This happens to be one of the most ignored topic by the examiners and hence also by the students of CA profession. But it has to be embarrassing for a qualified chartered accountant in being ignorant, unable to understand the terms used in the employment benefits disclosure in notes to financial statements of a company to which this standard applies. This write-up is to ensure that the reader doesn’t face difficulty in understanding the said disclosures particularly in the movement of gratuity obligation.
AS 15 can be subdivided into 4 parts:
(1) Termination benefits:-
Compensation agreed at retrenchment and voluntary retirement compensation fall under this. The liability/expense are recognized in the books when the probability of obligation is established with a reliable estimate i.e usually when the employer and employee arrive at a consensus.
(2) Short term employee benefits:-
Other than termination benefits which fall due within 12 months from the period end. E.g.. Salary, Short term compensated leave falling due within 12 months. For salary, the accounting is straight forward i.e Debit salary A/c (expenses) and credit salary payable A/c (liability).
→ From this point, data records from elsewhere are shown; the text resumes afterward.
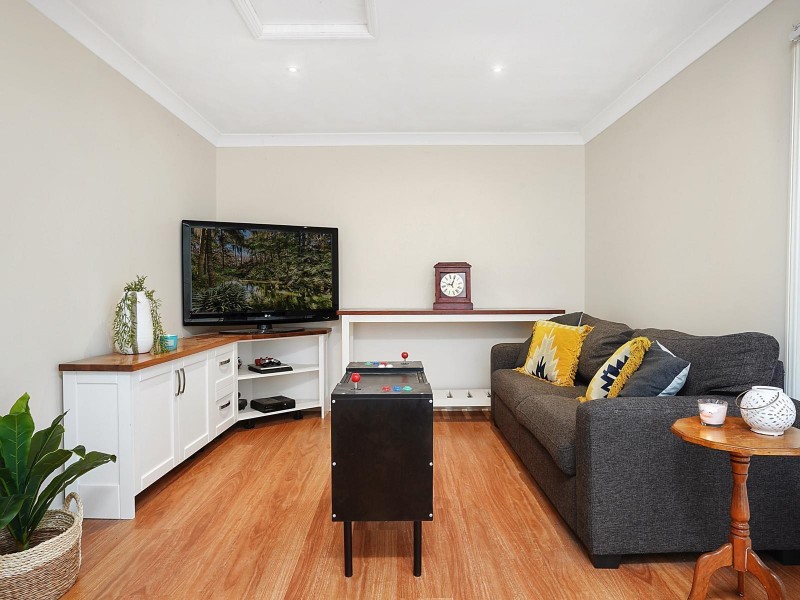 11 Harriet Court, Springfield Lakes QLD 4300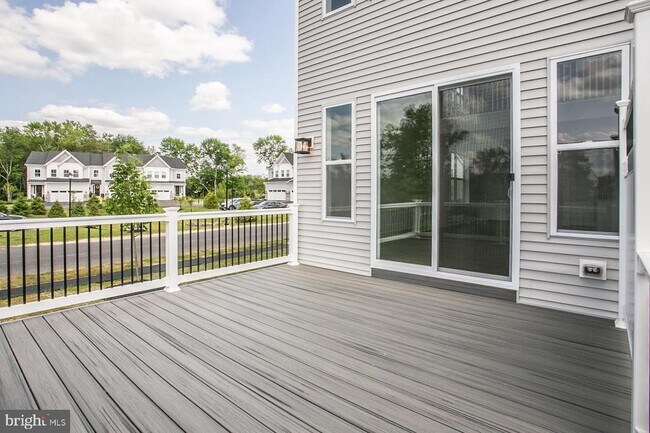 Building Photo - 665 Levering St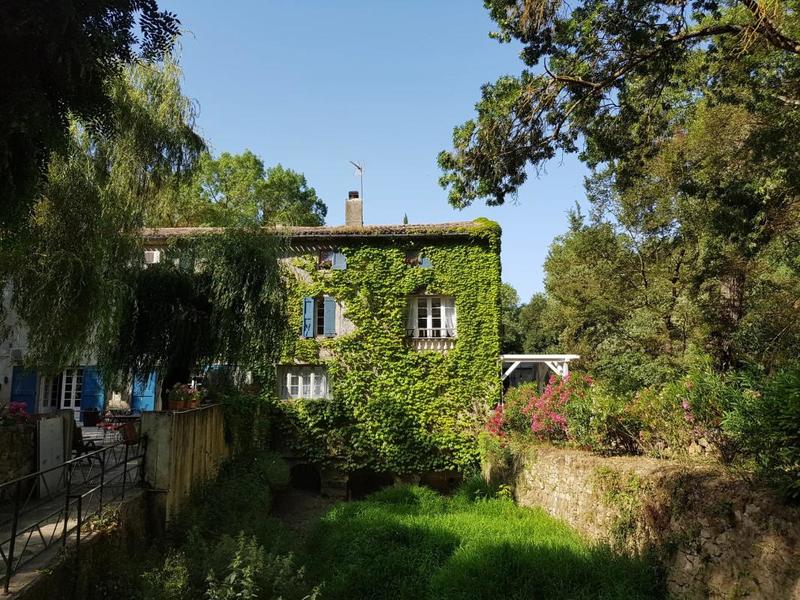 Propriété - 590 m² - 5 pièces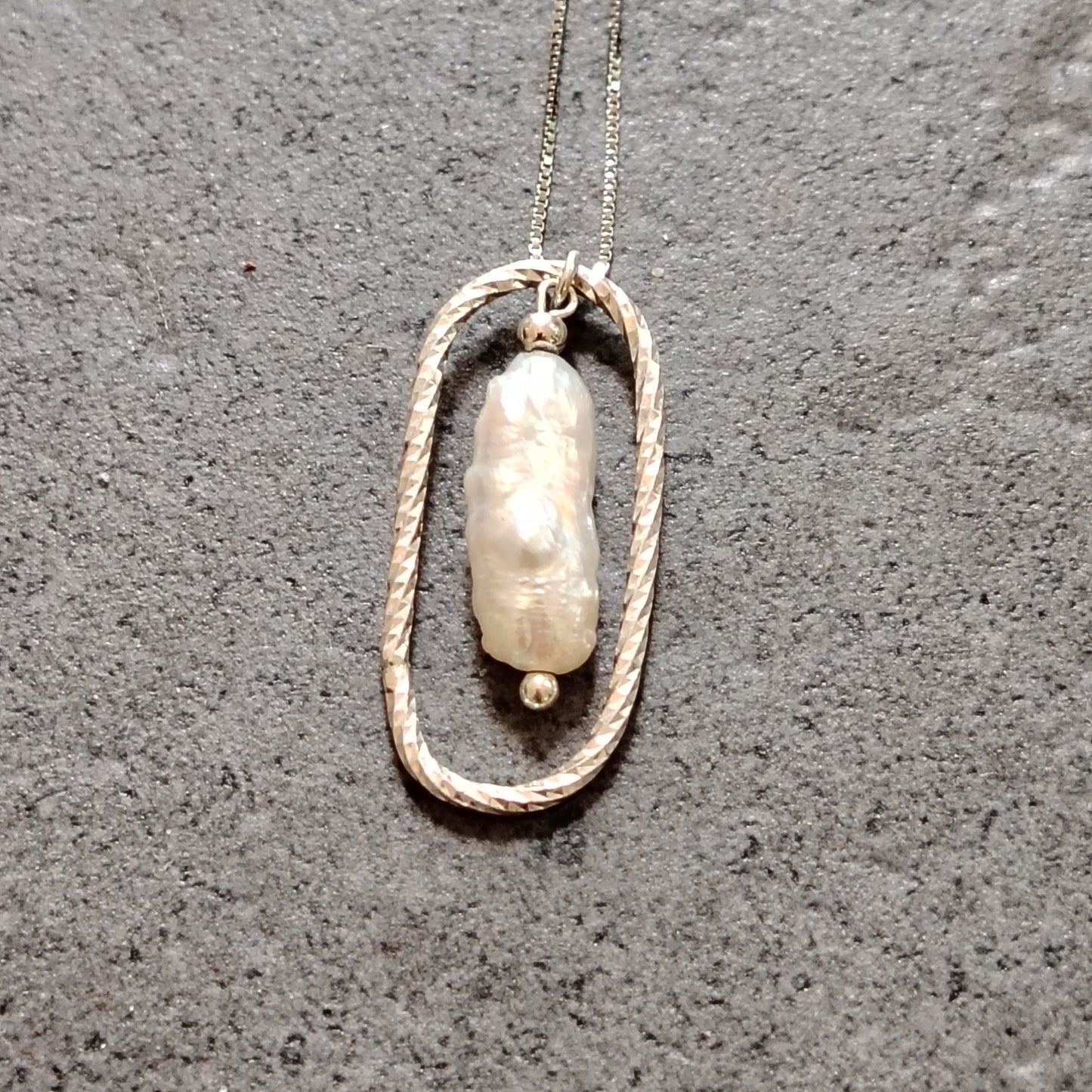 Asteroid Belt Necklace – Biwa Pearl in Silver setting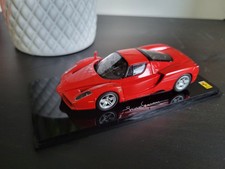 1:43 Ferrari Enzo, Red. Kyosho 05001R, die-cast model car. Missing wing mirror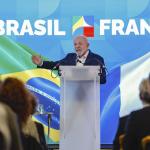 ‘Não cuido disso’: Lula desconversa sobre gastos de viagem e anuncia R$ 100 bilhões da França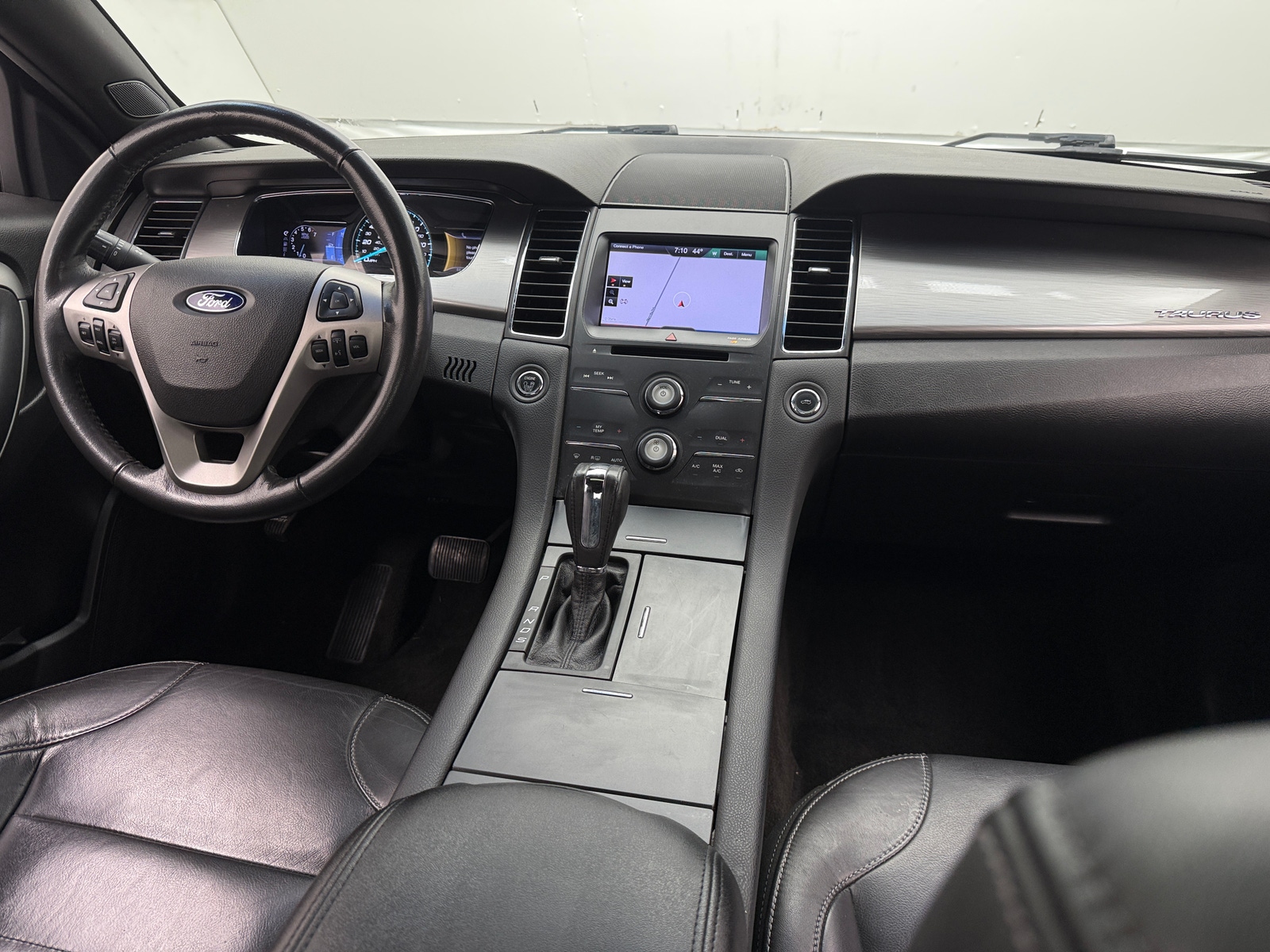 Thumbnail: 2013 Ford Taurus - 2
If the same is paid in advance then, create an asset (prepaid salary) and expense it off at the appropriate period.
Compensated absences (“Earned leave”) are leave days available to an employee if he/she served in employment for a particular term. Arrangements may be structured in such a way for instance for every 1 month employed, 1 day is earned. The earned days earned may be compensated by cash or paid leave. The same may be carried forward for future periods (accumulating) or get exhausted in the current period (non-accumulating). For “accumulating”, the expense is booked as and when the entitlement arises and for “non-accumulating “, when the absence occurs.
E.g.:- 1 day earned for 1 month served. It can be accumulated for next period- Accounting – Recognize expense of 1 day per employee at every month end. If it gets exhausted in the current period – Accounting – Recognize expense when the employee avails the paid leave.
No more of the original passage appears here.